## [Directions]
Any picture in the data below should be skipped, while every line is repeated exactly.

## [Data provided]
◇ ◇ ◇ ◇ ◇ ◇ ◇

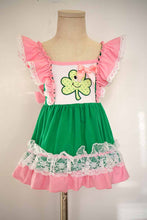 Load image into Gallery viewer, Pink green clover applique flutter dress QZ-319708 sale
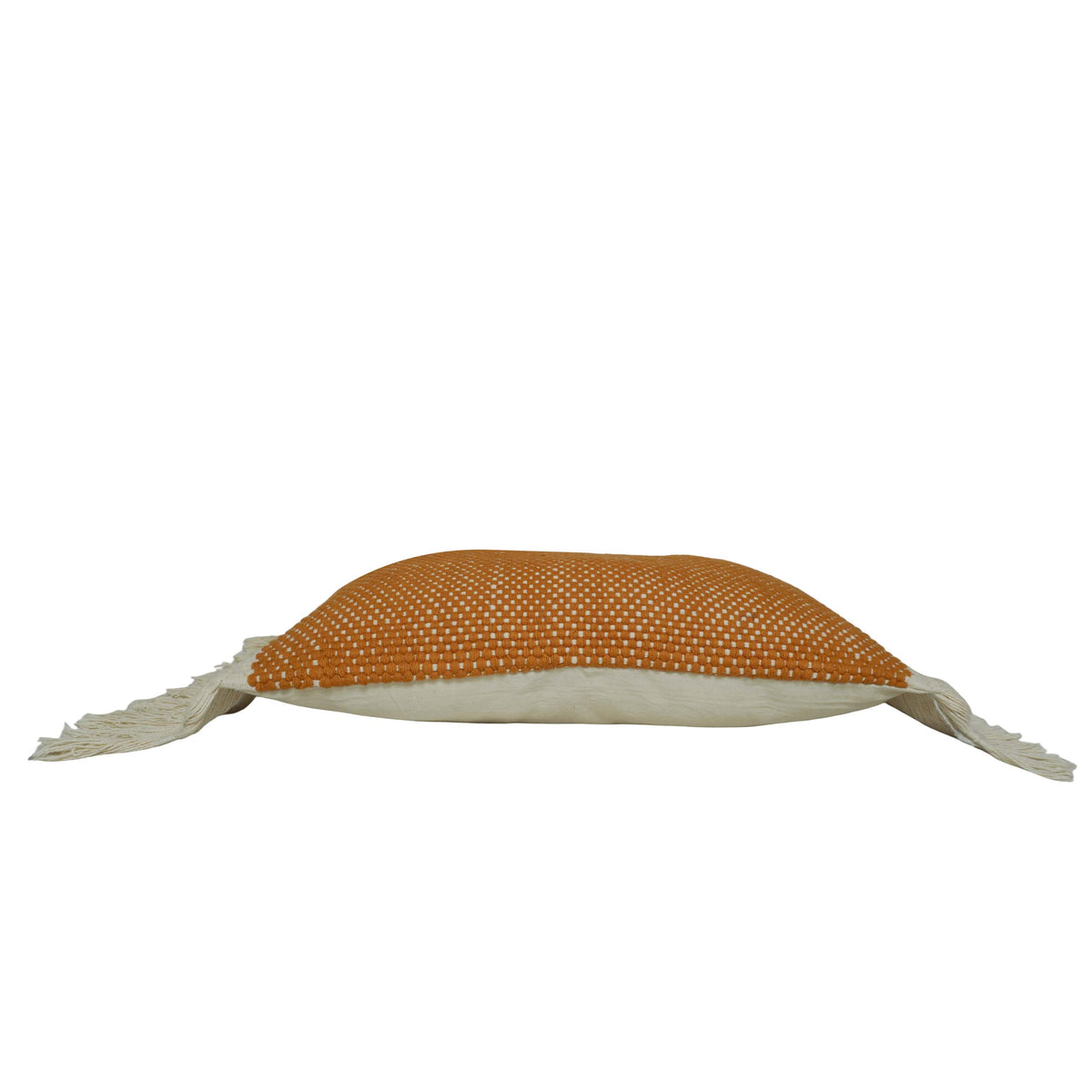 Handwoven Cotton Cushion Cover 35 x 50 cm – Rust Orange & Ivory Textured Lumbar Cushion with Fringe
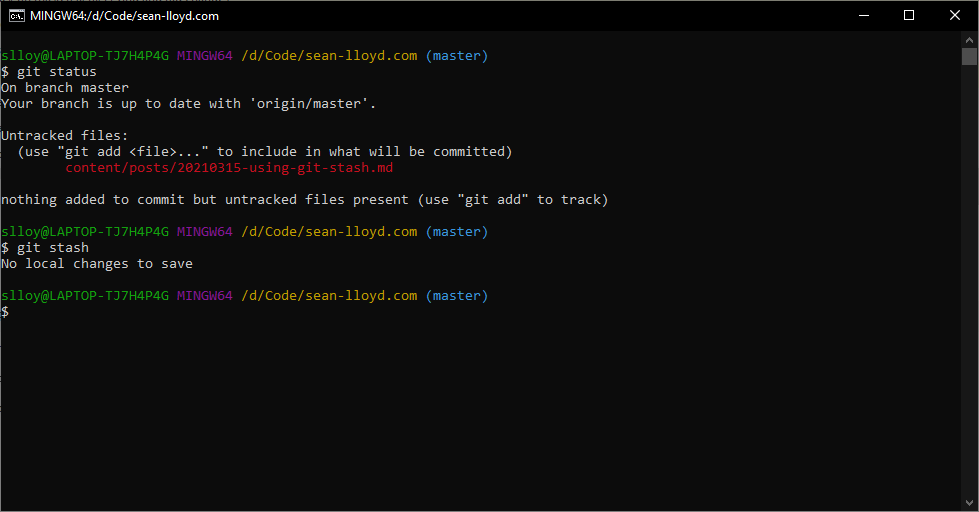 Using git stash 1 Using git stash 1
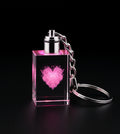 LED Light Crystal keychain, With a Rose Engraving.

◇ ◇ ◇ ◇ ◇ ◇ ◇

## [Result of the exercise]
 Load image into Gallery viewer, Pink green clover applique flutter dress QZ-319708 sale
 Handwoven Cotton Cushion Cover 35 x 50 cm – Rust Orange & Ivory Textured Lumbar Cushion with Fringe
 Using git stash 1 Using git stash 1
 LED Light Crystal keychain, With a Rose Engraving.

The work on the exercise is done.